* **What the exercise asks**: Include in the reply only the lines from the start of the data below through the line containing "Wood Coffee Table", reproduced exactly and with no pictures.
Start of Supplied material
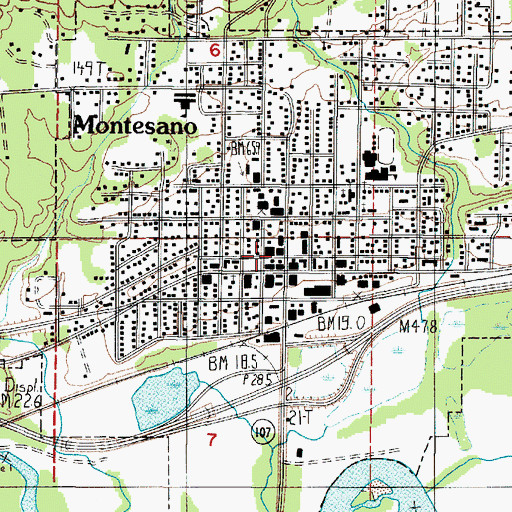 Topographic Map of Calvary Chapel of Montesano, WA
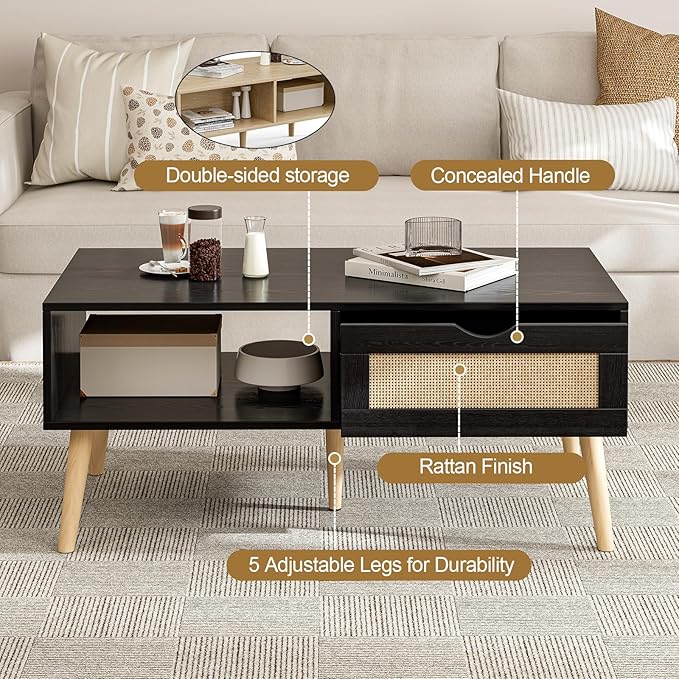 Wood Coffee Table with Storage, Boho Dining Table with Sliding Rattan Door Panel and Solid Wood Legs, Small Coffee Tables for Living Room, Oak (Black_LSJ007)
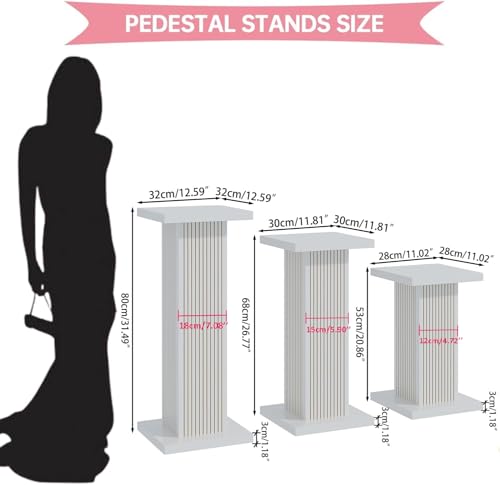 Pedestal Stands for Party with Fluted Panel 3Pcs White Square Pedestal Display Plinth Pillars for Parties Wood Cake Stand Dessert Table for Wedding Birthday Event Decor (White) - Image 3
End of Supplied material
* **Task answer**:
 Topographic Map of Calvary Chapel of Montesano, WA
 Wood Coffee Table with Storage, Boho Dining Table with Sliding Rattan Door Panel and Solid Wood Legs, Small Coffee Tables for Living Room, Oak (Black_LSJ007)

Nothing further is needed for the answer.